Lieber nicht so viel erwarten

Der onvista-Börsenfuchs · Uhr (aktualisiert: Uhr)

Hallo Leute! Auf meinen Bauch (obwohl umfangtechnisch stark geschrumpft) kann ich mich momentan ziemlich verlassen. Er verhindert Übermut. Und meine Nase, in der Natur bewährt, gibt mir die kurzfristigen Börsensignale. Darum geht’s aktuell: Was Reinhold Messner und Friends nie gelingen kann, ist für Dax & Co. kein Problem mehr - den 10.000er zu bezwingen. So hoch sind die Gipfel bekanntlich selbst im Himalaya nicht. Nur, wie lange hält es unser Aktienindex in der Höhenluft aus? Ich hatte, wie hier gesagt, schon seit Tagen ein ungutes Gefühl.

Aber ich gehe mal davon aus, dass die Lage für die Anlagestrategen (und damit für Euch) voll unübersichtlich bleibt. Dazu tragen auch die jüngsten internationalen Studien mit ihren weit auseinander gehenden Aussagen bei. Mein Rat gilt also unverändert - Mut und Risikobereitschaft mit einer gehörigen Portion Vorsicht zu mischen!

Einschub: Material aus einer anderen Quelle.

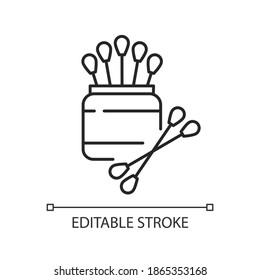 Cotton swabs linear icon. Medical equipment for laboratory experiment. Hygienic supply. Thin line customizable illustration. Contour symbol. Vector isolated outline drawing. Editable stroke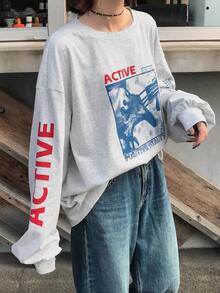 FRIFUL 女士灰色圆领宽松字母印花装饰落肩长袖宽松休闲百搭T恤，秋冬款 - 灰色 - 查看 4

So werden sich die Skeptiker bestätigt sehen, wenn sie das Interview mit dem Chef-Anlagestratege Deutschland des weltgrößten Vermögensverwalter Blackrock lesen. Nur Stichworte daraus: Die in den vergangenen Wochen gesehene risikofreundlichere Stimmung an den Aktienmärkten steht auf tönernen Füßen. Viele Firmen überzeugen nicht mit ihren Zahlen. Nachrichten werden an einem Tag positiv, am nächsten negativ ausgelegt. Die Zeiten heute scheinen so komplex wie vielleicht zuletzt vor der großen Depression Ende der zwanziger Jahre.

Dazu passt ein Langfrist-Studie von McKinsey: Die fetten Jahre sind vorbei. Wertpapiere bringen künftig viel weniger Rendite als in den vergangenen Jahrzehnten. Anleger müssen ihre Erwartungen senken (aber Aktien bringen weiter am meisten!). Und die bekannte niederländische Fondsgesellschaft Robeco rechnet in einer mehrjährigen Prognose vor, dass Anleihen real (Zins minus Inflation) sogar zu „Geldvernichtern“ werden können.

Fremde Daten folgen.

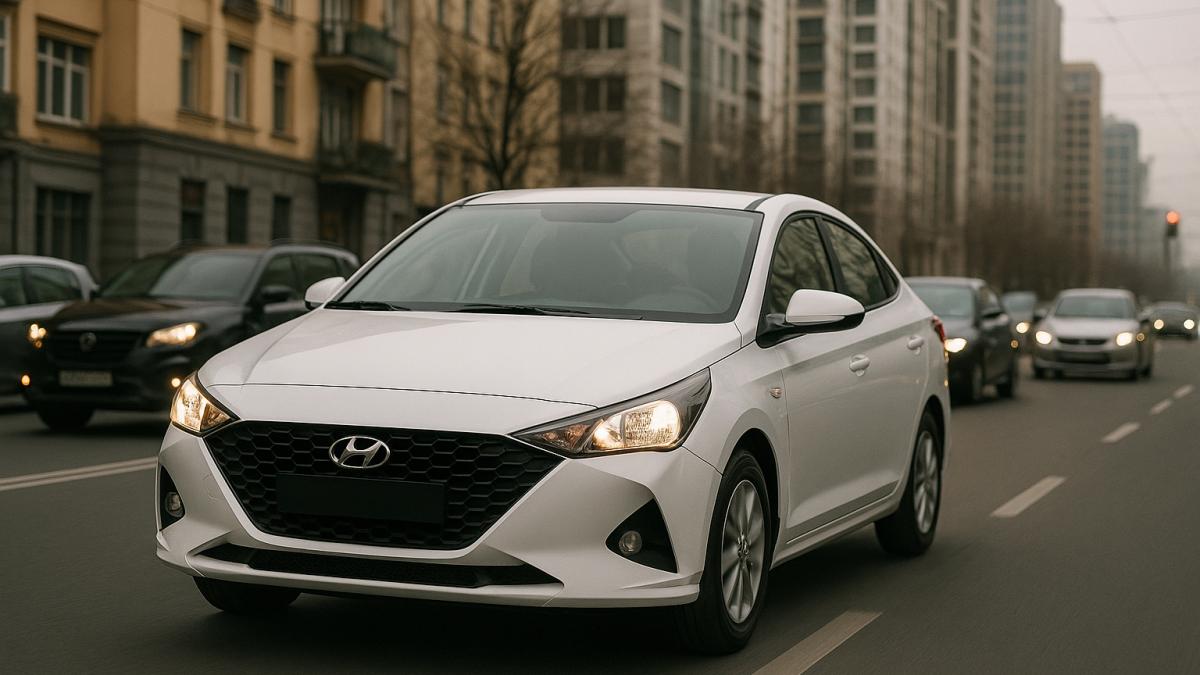 Белый Hyundai Solaris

Nee, das ist mir heute, ein Tag nach Bayern München, zu negativ. Außerdem kann man über den Nutzen mehrjähriger Vorhersagen in dieser schnelllebigen, verrückten Welt total gut streiten. Was mir gefällt, ist eine Bilanz von Boston Consulting über die erfolgreichsten Aktien. Denn gemessen am Total Shareholder Return (Kursgewinn der Aktie plus Dividende) stehen amerikanische Bluechips ganz oben - und zwar aus Branchen, die auch künftig favorisiert werden dürften: Pharma und Technologie. Zu den Top-Werten gehören u.a. Regeneron Pharmaceuticals, Gilead Sciences, Visa, Netflix, Mastercard und Chinas Spitzenwert Tencent.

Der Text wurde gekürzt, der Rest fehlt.